Nascerà il 4 luglio, come gli States, la campagna elettorale ufficiale di Ivan Scalfarotto candidato presidente della Puglia per Italia Viva, Azione e più Europa. Non un passo indietro da Renzi e Calenda che rinviano al mittente le tante offerte di alleanze giunte dal PD regionale e dallo stesso Michele Emiliano.
I riformisti si staccano dal centrosinistra senza attrarre però gli azzurri o parte di quel mondo che se sarà Raffaele Fitto il candidato sarà Unito e compatto nel centrodestra.
Dritti verso la sconfitta comune? I renziani non sembrano preoccuparsene leggendo l’intervista rilasciata oggi dal foggiano Scalfarotto a Repubblica regionale.

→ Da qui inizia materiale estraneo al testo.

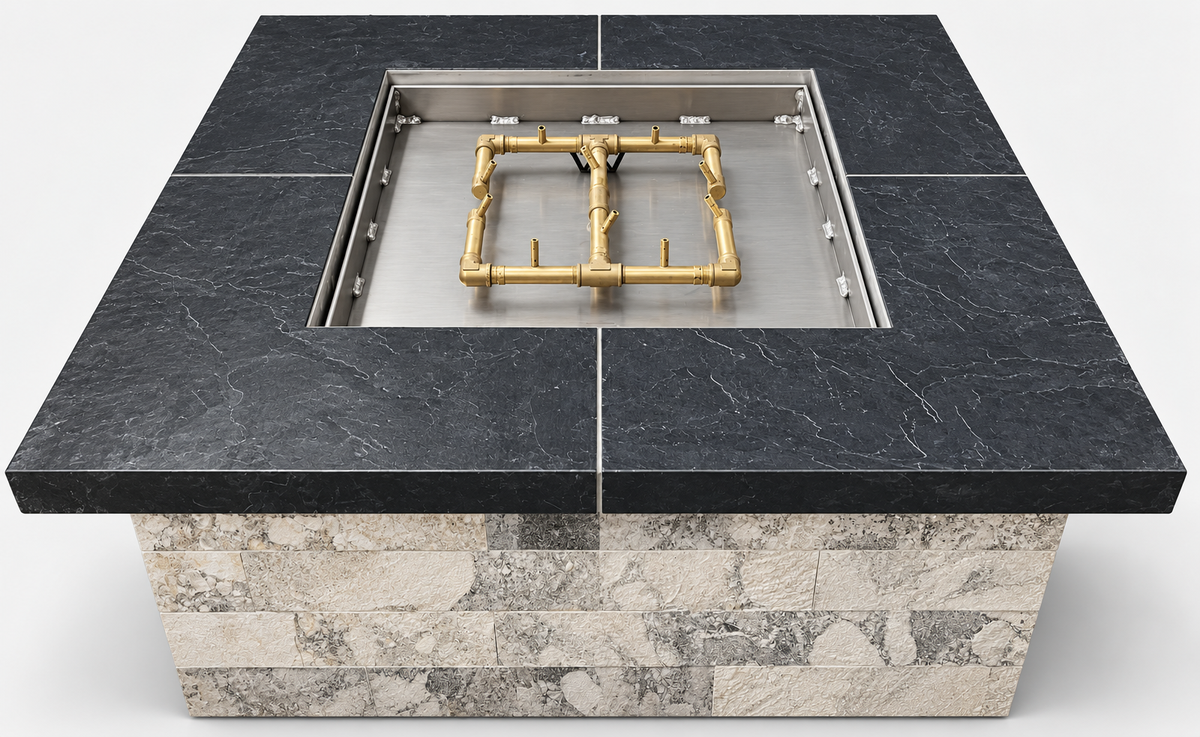 Firefly 36-inch square fire pit shown with burner pan and burner assembly installed in the finished enclosure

“La mia è una candidatura per la Puglia. Non sarebbe stato giusto costringere i pugliesi a dover scegliere tra tre populismi: quello antieuropeista della destra, quello di palazzo impersonificato da Michele Emiliano. Quello della decrescita felice del Movimento 5 Stelle. La nostra coalizione è in campo per rappresentare il dinamismo e il talento dei pugliesi. Di quelli che sono rimasti e di chi, come me, è andato via e ora è pronto a ritornare per restituire quello che la nostra terra ci ha dato”, spiega Scalfarotto.
E poi la bordata a Emiliano ma anche al suo alleato l’ex governatore Nichi Vendola.
“Penso ci sia una grande differenza tra i dieci anni di Nichi Vendola, che io considero un’ottima esperienza di governo. E questi cinque di Michele Emiliano. Lo stesso Emiliano non dice mai che la sua è una coalizione di centrosinistra. Perché non lo sono state le sue politiche: su Xylella, Tap, Ilva ha fatto il contrario dei nostri governi nazionali. La Puglia è una delle poche regioni che non ha ancora una legge elettorale che garantisca la parità di genere. O che non ha un assessore alla Sanità, perché tutto è nelle mani di Emiliano”.